Carlos rolls his neck when he sees me. Paul lingers back and I take my time locking our bikes. Music pulses from inside the rink, laughter, dings and pings of pinball, the dee-jay calls for free skate. I force myself not to look at Lisa, to think about her telling me I’m cute right before she kissed me during couples skate.

But she’s the whole reason I’m in this jam. Why I take a deep breath and force myself to march to my death.

Foreigners’ “Hot Blooded” leaks from the roller rink. Lisa turns and that harpoon hits me between the eyes. But it’s what I need. Suddenly, I can do this. One look at her and I’m glad I’m here.

Strike first and strike fast.

There’s no pleasantries. No opening bell. Carlos sneers at me as the crowd follows and soon we’re surrounded. But I’m ready. One look at Lisa and I’m ready for anything.

I put up my hands. Carlos comes in and I swing for the stars. He catches my punch, spins me around punches me twice in the eye.
Fireworks explode. I drop like dirty clothes. A quick kick to my ribs finishes the job and the next thing I know I’m writhing around, gravel clinging to my cheek, my head in a loop.

Blinking to life, Paul kneels at my side.
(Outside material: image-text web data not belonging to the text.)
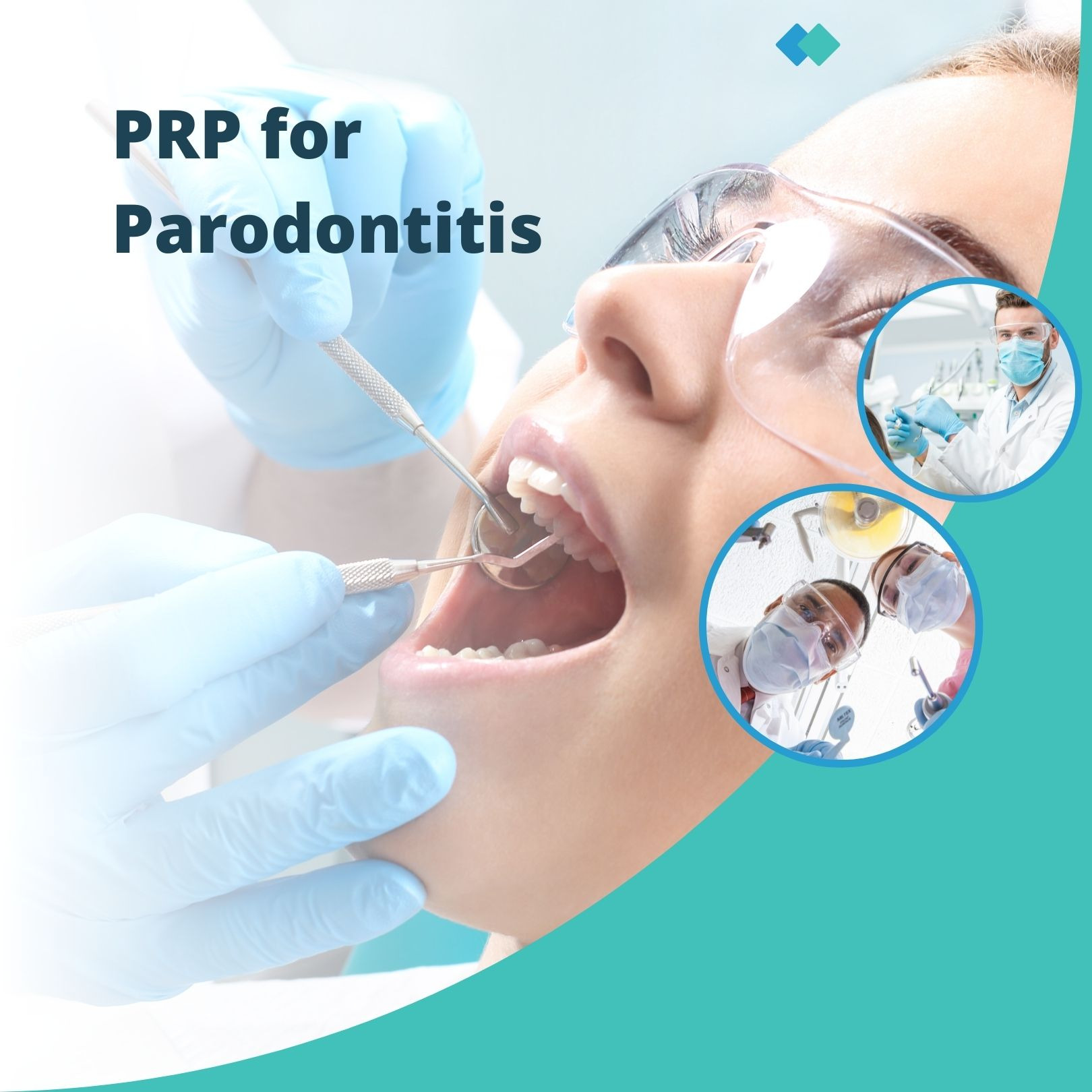 Traitement PRP pour les maladies parodontales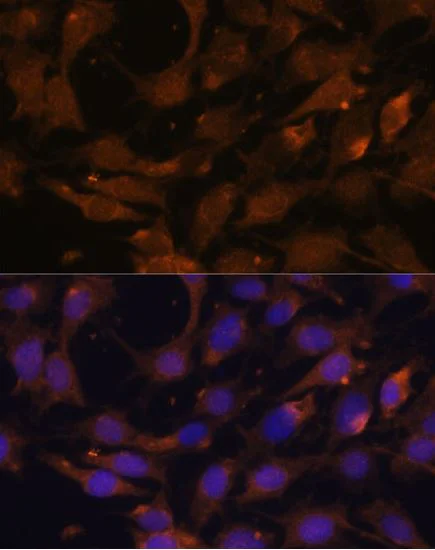 Immunocytochemistry/ Immunofluorescence - Anti-Ras antibody (AB180772)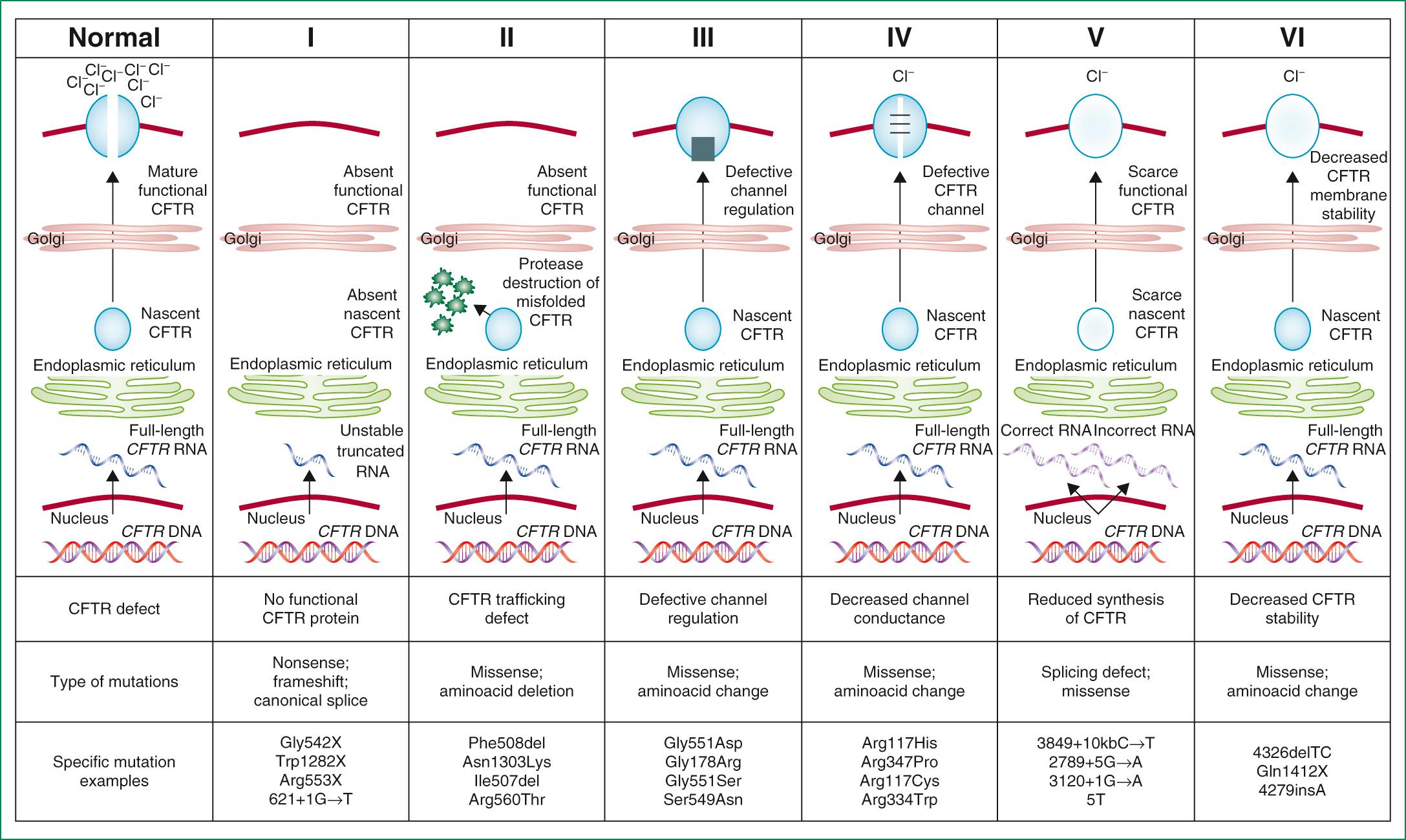 Fig. 432.2, Classes of cystic fibrosis transmembrane conductance regulator (CFTR) mutations. Mutations in the CFTR gene can be divided into 6 classes. Class I mutations result in no protein production. Class II mutations (including the most prevalent, Phe508del) cause retention of a misfolded protein at the endoplasmic reticulum and subsequent degradation in the proteasome. Class III mutations affect channel regulation, impairing channel opening (e.g., Gly551Asp). Class IV mutants show reduced conduction—that is, decreased flow of ions (e.g., Arg117His). Class V mutations cause substantial reduction in mRNA or protein, or both, Class VI mutations cause substantial plasma membrane instability and include Phe508del when rescued by most correctors (rPhe508del).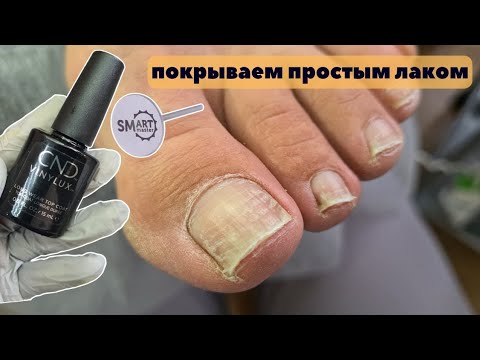 Видео: Педикюр с обычным лаком. Подногтевая мозоль. Повреждённые ногти. Смарт педикюр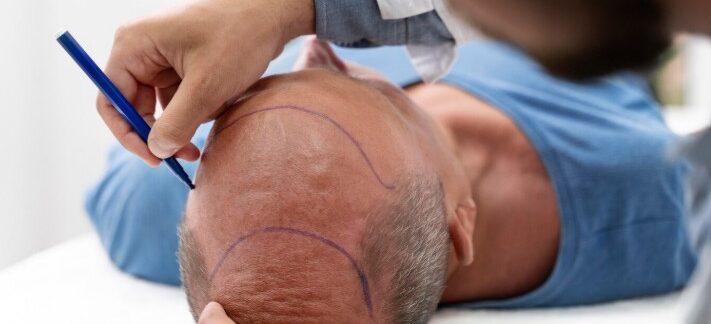 Greffe de cheveux Sapphire FUE : pourquoi la lame en saphir accélère la cicatrisation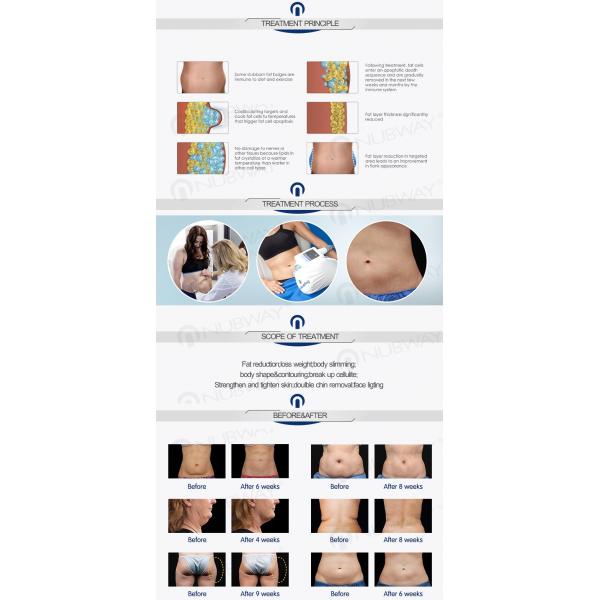 Advanced technology electronic cooling slim freezer weight loss cryolipolysis cryo machine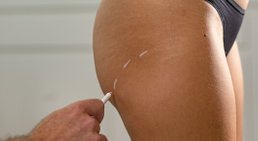 Priv.-Doz. Dr. Stefan Hacker, FEBOPRAS - Plastischer Chirurg Wieselburg 3250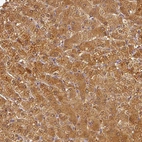 Immunohistochemical staining of human liver shows strong cytoplasmic positivity in hepatocytes.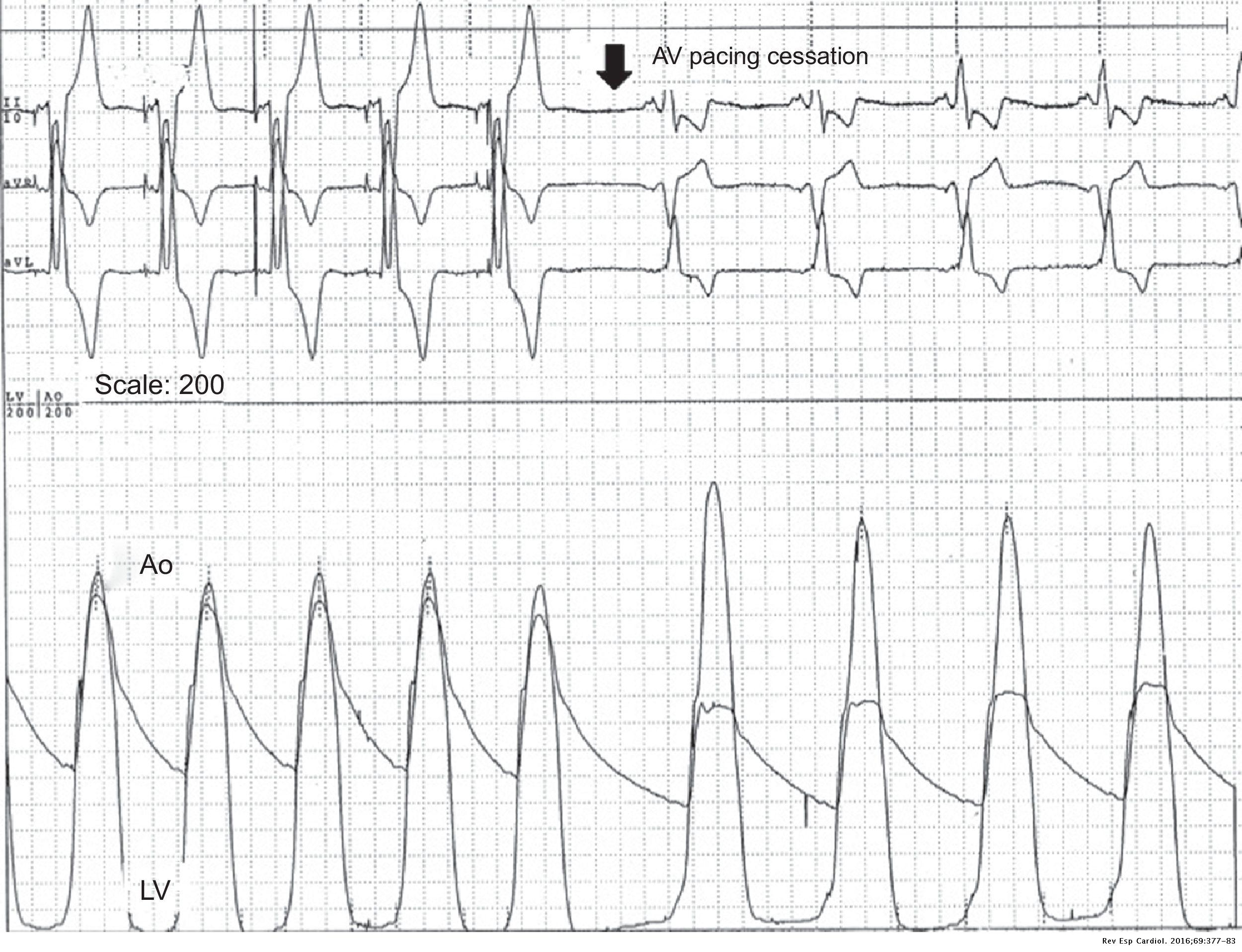 Sequential Atrioventricular Pacing in Patients With Hypertrophic ...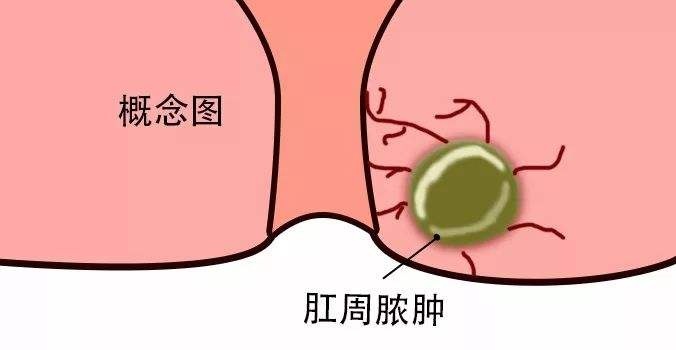 广州东大肛肠医院——肛周脓肿.jpg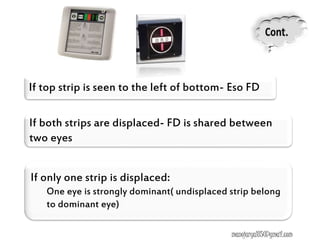 If top strip is seen to the left of bottom- Eso FD
If both strips are displaced- FD is shared between
two eyes
If only one strip is displaced:
One eye is strongly dominant( undisplaced strip belong
to dominant eye)
manojaryal85@gmail.com
 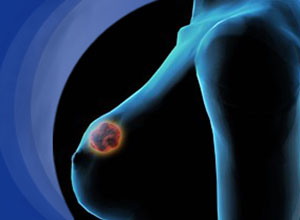 新药Kadcyla或延长乳腺癌女性生存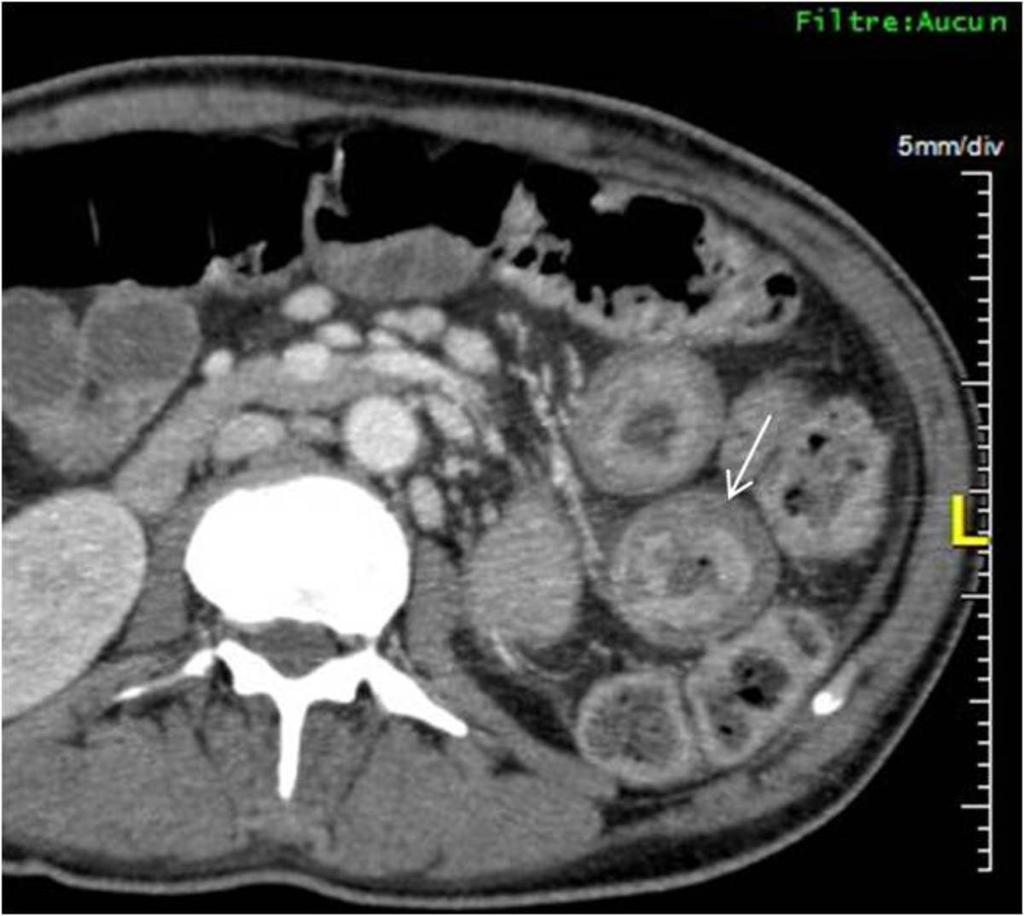 Fig. 19: Inflammation of small bowel due to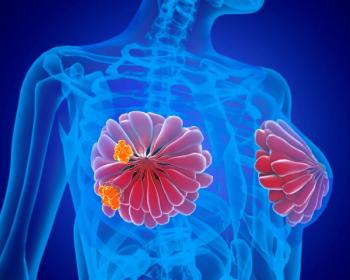 Representation of breast cancer | Image Credit: Giovanni Cancemi - stock.adobe.com
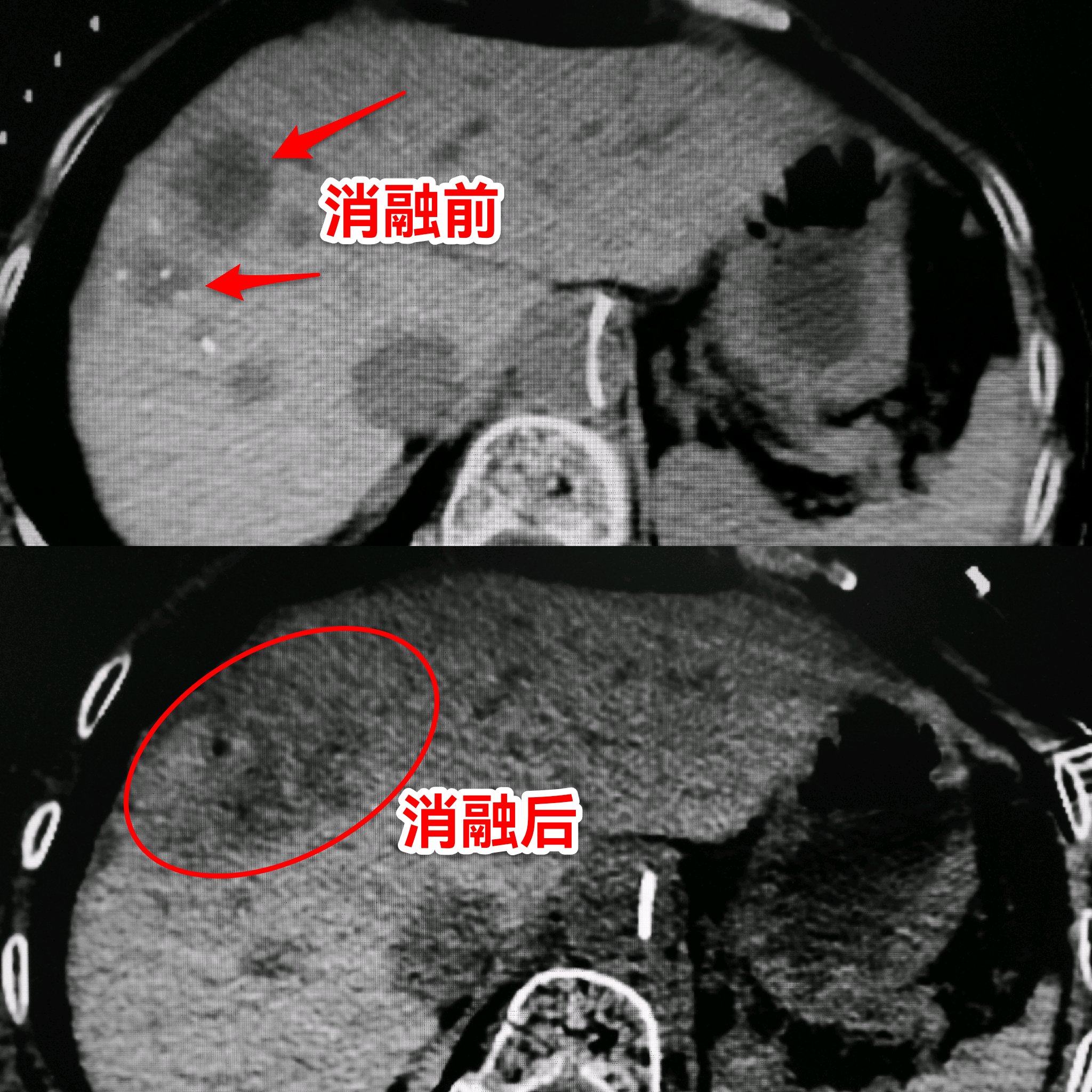 肠癌肝转移先做化疗还是介入,肠癌肝转移介入治疗哪里做得好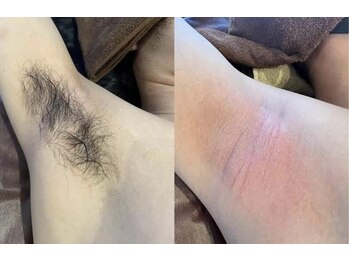 ビューメン(BYUMEN)/人気のワキ脱毛でワキ汗スッキリ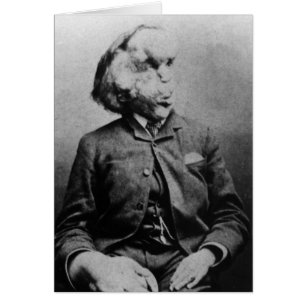 Joseph "John" Merrick The Elephant Man from 1889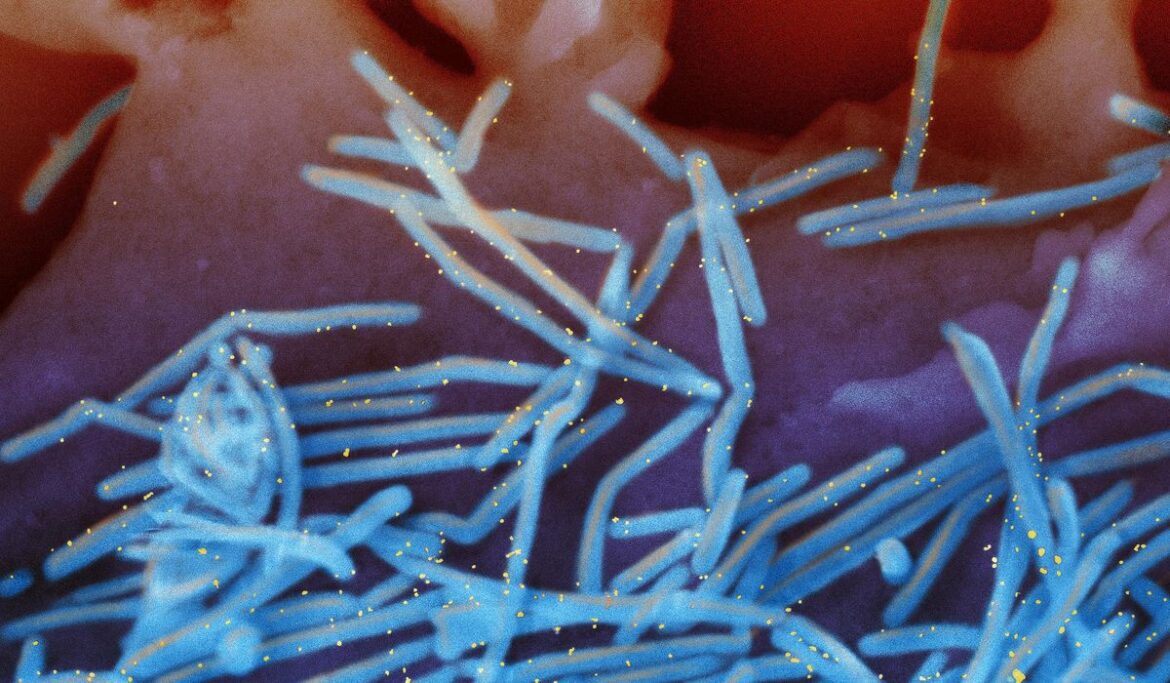 RSV is straining some hospitals, and U.S. officials are releasing more shots for newborns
I manage to lift my head as Carlos, all high fives and laughter, grabs his roller skates. He sets his arm around Lisa, who steals a wink and blows me a kiss in passing. I think I have gravel in my ear.

Paul helps me to my feet. “You didn’t strike hard or fast.”

“Yeah,” I say, spitting out gravel dust. I wipe my face. My eye is already swelling and it hurts when I smile. “But I didn’t strike out, either.”